== Segment start ==
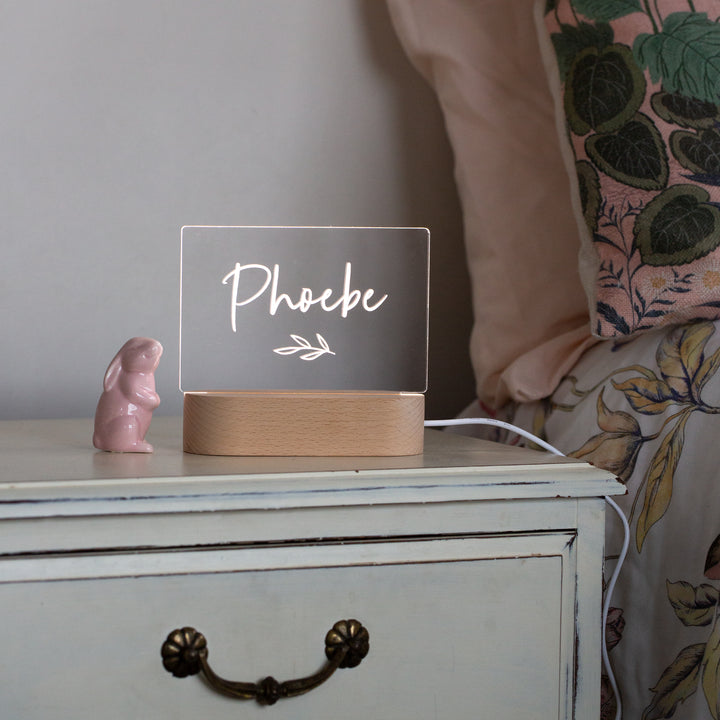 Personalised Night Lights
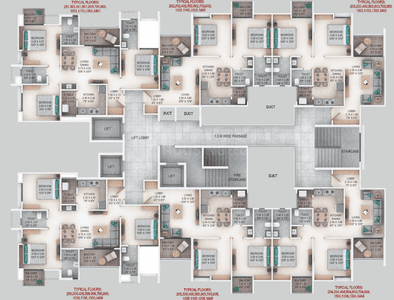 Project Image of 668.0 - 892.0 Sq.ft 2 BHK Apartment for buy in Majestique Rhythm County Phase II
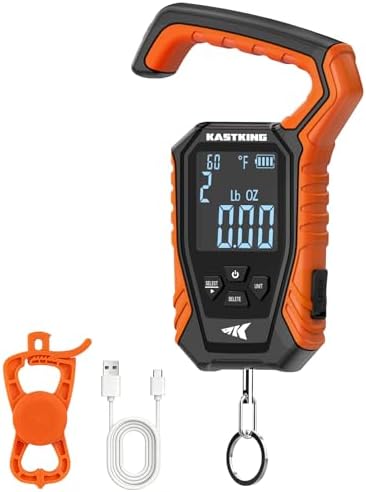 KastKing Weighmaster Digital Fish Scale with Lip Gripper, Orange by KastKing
== Segment end ==
* _About this task_: Retype the whole listing. Keep every word exact but include no pictures.

* _Answer to this exercise_:
 Personalised Night Lights
 Project Image of 668.0 - 892.0 Sq.ft 2 BHK Apartment for buy in Majestique Rhythm County Phase II
 KastKing Weighmaster Digital Fish Scale with Lip Gripper, Orange by KastKing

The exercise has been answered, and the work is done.